_Exercise requirements_:
For the entries below, the result should be an exact transcription of the lines from the one with "Close-up of a" up to and including the one with "nona.net Choyang", and only those.

Source data: Begin

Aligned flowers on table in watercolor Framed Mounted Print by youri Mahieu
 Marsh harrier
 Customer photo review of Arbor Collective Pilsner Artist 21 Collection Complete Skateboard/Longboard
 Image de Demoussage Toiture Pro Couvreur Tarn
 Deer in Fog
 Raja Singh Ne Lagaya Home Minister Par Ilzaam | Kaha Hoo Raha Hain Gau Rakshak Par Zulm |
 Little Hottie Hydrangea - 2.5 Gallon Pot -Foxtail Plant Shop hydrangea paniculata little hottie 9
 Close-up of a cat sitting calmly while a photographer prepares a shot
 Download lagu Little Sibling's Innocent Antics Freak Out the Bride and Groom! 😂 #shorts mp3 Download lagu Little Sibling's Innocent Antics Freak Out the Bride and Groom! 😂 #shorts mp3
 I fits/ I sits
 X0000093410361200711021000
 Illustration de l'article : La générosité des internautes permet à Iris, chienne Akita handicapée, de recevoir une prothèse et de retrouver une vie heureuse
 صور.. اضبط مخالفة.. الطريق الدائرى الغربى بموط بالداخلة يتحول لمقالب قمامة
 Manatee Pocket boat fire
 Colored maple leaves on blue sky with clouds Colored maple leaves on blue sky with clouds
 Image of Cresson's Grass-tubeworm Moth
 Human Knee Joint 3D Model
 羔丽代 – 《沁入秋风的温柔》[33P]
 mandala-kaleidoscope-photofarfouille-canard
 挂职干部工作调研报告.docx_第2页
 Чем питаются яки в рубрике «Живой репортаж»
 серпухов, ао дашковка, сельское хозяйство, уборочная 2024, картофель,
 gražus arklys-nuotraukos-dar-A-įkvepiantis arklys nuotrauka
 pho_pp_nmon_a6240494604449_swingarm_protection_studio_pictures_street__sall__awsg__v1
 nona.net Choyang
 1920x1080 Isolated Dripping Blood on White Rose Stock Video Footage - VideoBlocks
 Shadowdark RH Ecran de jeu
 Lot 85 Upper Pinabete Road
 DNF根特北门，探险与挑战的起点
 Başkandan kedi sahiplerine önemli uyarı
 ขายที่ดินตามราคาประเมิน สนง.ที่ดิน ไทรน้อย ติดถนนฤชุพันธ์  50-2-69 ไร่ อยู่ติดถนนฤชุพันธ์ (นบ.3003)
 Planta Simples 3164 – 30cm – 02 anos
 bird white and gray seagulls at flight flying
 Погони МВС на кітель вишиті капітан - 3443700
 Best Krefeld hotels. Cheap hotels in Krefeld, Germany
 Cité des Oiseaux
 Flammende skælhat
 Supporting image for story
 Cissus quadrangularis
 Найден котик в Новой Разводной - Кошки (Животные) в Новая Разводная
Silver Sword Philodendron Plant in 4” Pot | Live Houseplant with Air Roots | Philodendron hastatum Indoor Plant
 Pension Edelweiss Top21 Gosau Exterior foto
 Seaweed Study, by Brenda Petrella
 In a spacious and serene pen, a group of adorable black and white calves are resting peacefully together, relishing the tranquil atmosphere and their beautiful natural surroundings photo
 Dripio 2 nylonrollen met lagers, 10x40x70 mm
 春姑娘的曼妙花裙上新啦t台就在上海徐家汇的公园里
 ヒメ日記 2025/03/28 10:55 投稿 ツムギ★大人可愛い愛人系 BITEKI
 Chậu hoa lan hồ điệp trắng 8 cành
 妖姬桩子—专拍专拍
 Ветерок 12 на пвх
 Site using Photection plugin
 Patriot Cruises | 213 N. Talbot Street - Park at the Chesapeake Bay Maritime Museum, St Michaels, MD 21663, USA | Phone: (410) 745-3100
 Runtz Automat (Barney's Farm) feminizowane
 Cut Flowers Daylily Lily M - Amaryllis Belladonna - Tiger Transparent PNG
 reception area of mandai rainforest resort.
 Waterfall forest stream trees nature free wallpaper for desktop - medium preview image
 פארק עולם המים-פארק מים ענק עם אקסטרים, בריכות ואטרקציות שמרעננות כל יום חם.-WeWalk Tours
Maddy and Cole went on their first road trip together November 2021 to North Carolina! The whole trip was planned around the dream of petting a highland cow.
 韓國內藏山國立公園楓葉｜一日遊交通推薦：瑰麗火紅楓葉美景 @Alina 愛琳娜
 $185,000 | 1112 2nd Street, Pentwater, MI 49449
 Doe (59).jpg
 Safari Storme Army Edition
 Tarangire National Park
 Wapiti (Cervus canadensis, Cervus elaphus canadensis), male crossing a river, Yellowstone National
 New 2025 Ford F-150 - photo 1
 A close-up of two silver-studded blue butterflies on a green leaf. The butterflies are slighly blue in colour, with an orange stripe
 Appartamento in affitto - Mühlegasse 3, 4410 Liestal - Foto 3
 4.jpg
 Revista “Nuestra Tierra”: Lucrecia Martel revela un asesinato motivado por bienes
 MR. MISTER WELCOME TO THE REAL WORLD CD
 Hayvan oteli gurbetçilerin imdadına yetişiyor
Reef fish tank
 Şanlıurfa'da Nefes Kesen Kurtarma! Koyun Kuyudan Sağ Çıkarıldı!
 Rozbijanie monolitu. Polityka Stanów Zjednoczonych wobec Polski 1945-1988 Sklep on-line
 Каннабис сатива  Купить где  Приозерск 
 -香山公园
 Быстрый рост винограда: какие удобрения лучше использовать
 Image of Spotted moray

Source data: End

_Solution for this task_:
 Close-up of a cat sitting calmly while a photographer prepares a shot
 Download lagu Little Sibling's Innocent Antics Freak Out the Bride and Groom! 😂 #shorts mp3 Download lagu Little Sibling's Innocent Antics Freak Out the Bride and Groom! 😂 #shorts mp3
 I fits/ I sits
 X0000093410361200711021000
 Illustration de l'article : La générosité des internautes permet à Iris, chienne Akita handicapée, de recevoir une prothèse et de retrouver une vie heureuse
 صور.. اضبط مخالفة.. الطريق الدائرى الغربى بموط بالداخلة يتحول لمقالب قمامة
 Manatee Pocket boat fire
 Colored maple leaves on blue sky with clouds Colored maple leaves on blue sky with clouds
 Image of Cresson's Grass-tubeworm Moth
 Human Knee Joint 3D Model
 羔丽代 – 《沁入秋风的温柔》[33P]
 mandala-kaleidoscope-photofarfouille-canard
 挂职干部工作调研报告.docx_第2页
 Чем питаются яки в рубрике «Живой репортаж»
 серпухов, ао дашковка, сельское хозяйство, уборочная 2024, картофель,
 gražus arklys-nuotraukos-dar-A-įkvepiantis arklys nuotrauka
 pho_pp_nmon_a6240494604449_swingarm_protection_studio_pictures_street__sall__awsg__v1
 nona.net Choyang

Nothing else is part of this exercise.